Offeror will provide Linux utility or utilities for saving, restoring, verifying (including printing version number) firmware for any peripheral devices supplied.

Remote Network Boot Mechanism (TR-1)

The node BIOS will support booting an executable image over the management Ethernet utilizing PXE, BOOTP or DHCP with the vendor BIOS. Console data and power management functionality must be available during network boot process.

Serial Break (TR-1)

The serial console subsystem shall be capable of transmitting and reliably delivering a “serial break” from a remote management station connected to the serial console solution through to the Linux kernel on each node of the SU. This functionality shall provide system administrators the ability to extract debug information from crashed nodes using kernel SysRq hooks.

Remote Management Security Requirements (TR-1)


Additional features, such as ssh or web servers, are common in remote management solutions featuring IPMI, BMC, LOM, Out of band management, etc. These additional features open potential security issues, such as open ports. If additional features such as these are available, the offeror will provide a means to enable or disable these features.
The configuration shall be offered via a solution appropriate given the remote management solution provided by the vendor. For example, for an IPMI solution, a set of IPMI OEM commands to configure the current settings shall be made available.

GPU Node Requirements (MOR)


As an MOR for LANL, the following requirements are specific to the GPU accellerated nodes and supersede the general node requirements above. The GPU nodes would replace each of the compute nodes with a GPU enabled equivalent node. These SUs will be used as hybrid compute nodes. We prefer a minimum of two GPUs per node (more is better). The vendor shall demonstrate that the proposed solution will work for this use case.

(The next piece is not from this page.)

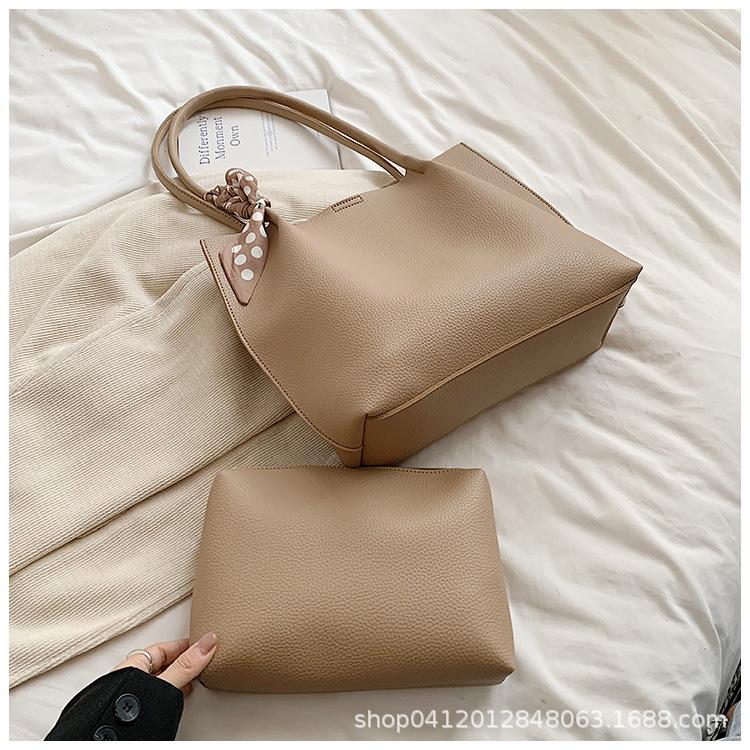 

Сумки Женская Мода Повседневная Универсальная 2025 Большая Вместимость Ретро Сумка для Поездок Портативная Сумка через Плечо Новая Нишевая Женская Сумка хаки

GPU Node General Requirement (MOR)


As an MOR for LANL, the GPU-enhanced SUs shall utilize the same processors, BIOS, memory and IB interconnect as the Compute Node. There shall be sufficient PCIe2 (or better) x16 slots to accommodate the number of GPUs specified, plus the IB. All slots shall be capable of operating at full bandwidth simultaneously.

GPU Node Architecture (MOR)


As an MOR for LANL, each GPU shall have at least 2GB of ECC capable memory (more GPU memory is desirable). The GPU shall have fast double precision performance (more aggregate GPU double precision performance is desirable). Manageability features on the GPU are preferred.

GPU Node Memory Requirement (MOR)


As an MOR for LANL, the CPU memory requirement (not GPU memory requirement) for the GPU-enhanced nodes shall be at least 2GB times the number of CPU cores. A memory option to add more CPU memory is desired.


Gateway Node Requirements (TR-1)


The following Requirements are specific to the gateway nodes and supersede the general node requirements above.

Gateway Node Count (TR-1)


The Offeror will configure the SU with six (6) Gateway nodes for SU peak up to 100 teraFLOP/s and twelve (12) Gateway nodes for SU peak above 100 teraFLOP/s.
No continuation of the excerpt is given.